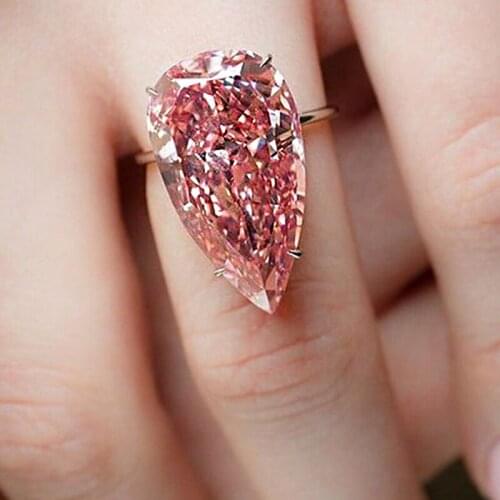 Luxury Wedding Beautiful Ladies Rings Wedding Engagement Statement Ring Crystal Zircon Ladies Rings Romantic Valentines Gift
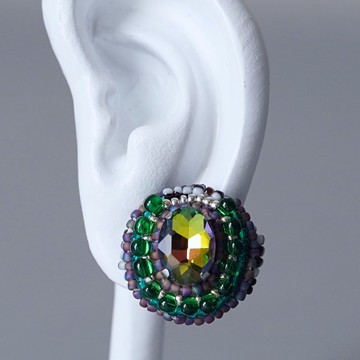 喋喋不休的耳夾 1 圓形 寶石 綠色 大尺寸 無鎳耳夾 獨一無二 珠飾刺繡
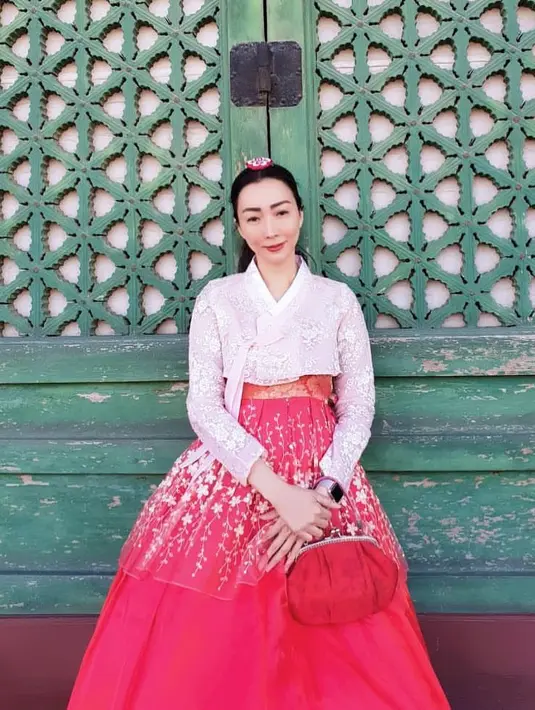 Bahkan untuk warna lipstik, rona nude bisa disebut sebagai warna favoritnya karena sering digunakan di segala kesempatan. (Foto: Instagram/ Susana.Rahardjo)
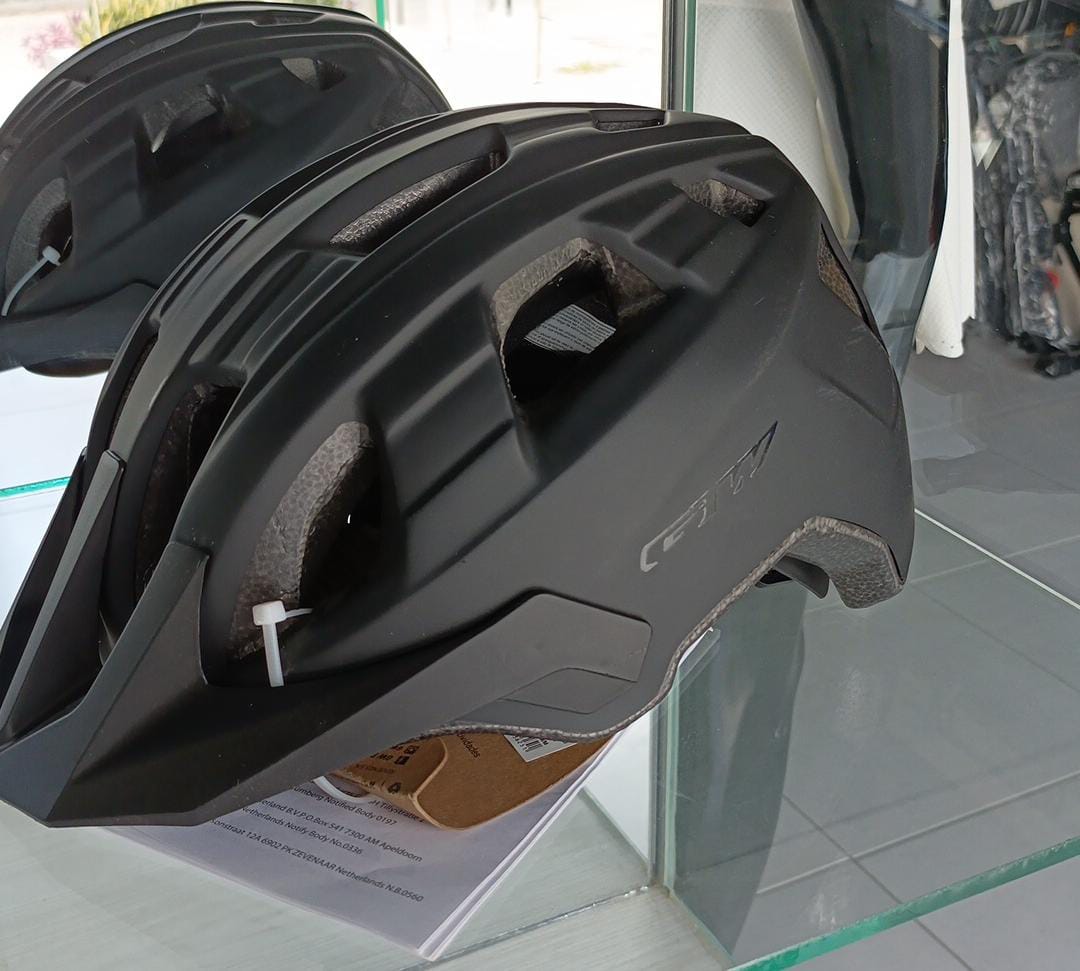CASCO HELMET MTB NEGRO MATE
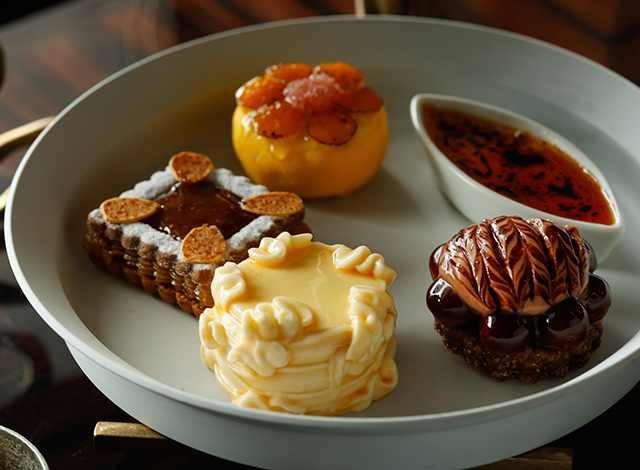 Palace Hotel Tokyo Lounge Bar Prive Autumn 2025 Afternoon Tea Terre Et Mer Sweets | © 美しい国の、美しい一日がある。2024
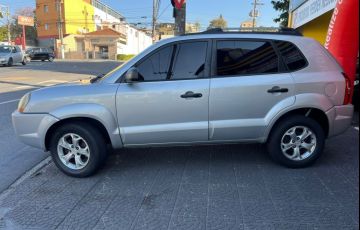 Hyundai Tucson 2.0 GL 2WD 16v - Foto #4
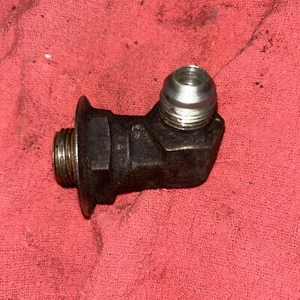 Raccord de radiateur Mack & Volvo Trucks pour ligne de refroidissement de transmission - Photo 1/2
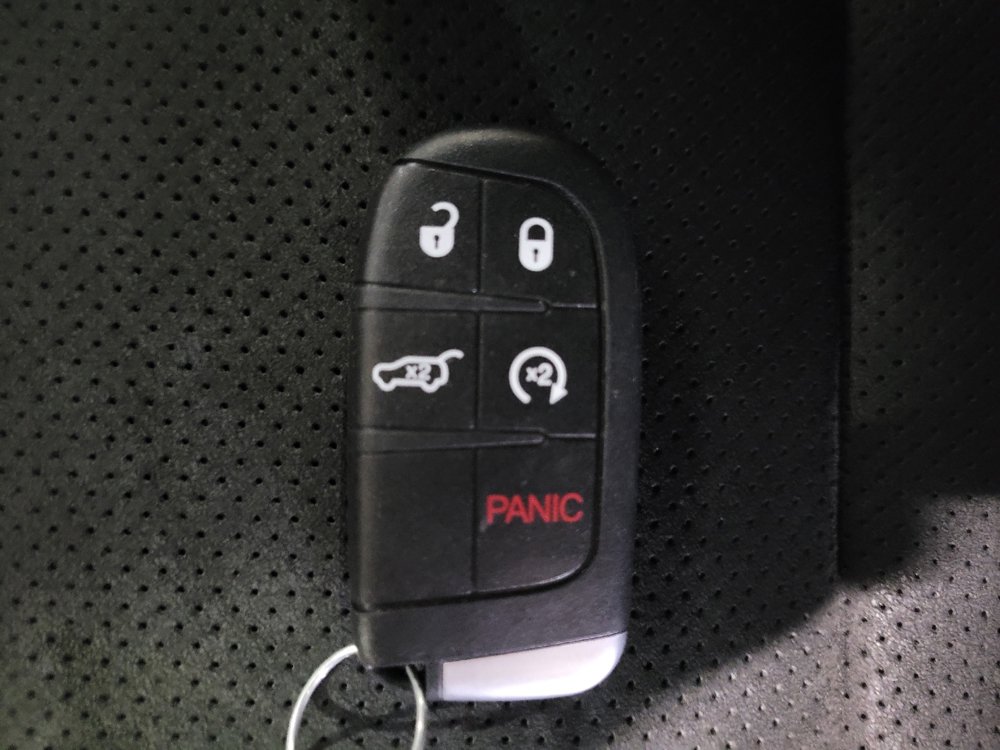 Used 2021 Jeep Grand Cherokee Trailhawk AWD/4WD image 32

== == ==

# [PROBLEM TO SOLVE]
Everything in the records above except the pictures is to be reproduced word for word.

# [EXERCISE OUTPUT]
 Luxury Wedding Beautiful Ladies Rings Wedding Engagement Statement Ring Crystal Zircon Ladies Rings Romantic Valentines Gift
 喋喋不休的耳夾 1 圓形 寶石 綠色 大尺寸 無鎳耳夾 獨一無二 珠飾刺繡
 Bahkan untuk warna lipstik, rona nude bisa disebut sebagai warna favoritnya karena sering digunakan di segala kesempatan. (Foto: Instagram/ Susana.Rahardjo)
CASCO HELMET MTB NEGRO MATE
 Palace Hotel Tokyo Lounge Bar Prive Autumn 2025 Afternoon Tea Terre Et Mer Sweets | © 美しい国の、美しい一日がある。2024
 Hyundai Tucson 2.0 GL 2WD 16v - Foto #4
 Raccord de radiateur Mack & Volvo Trucks pour ligne de refroidissement de transmission - Photo 1/2
 Used 2021 Jeep Grand Cherokee Trailhawk AWD/4WD image 32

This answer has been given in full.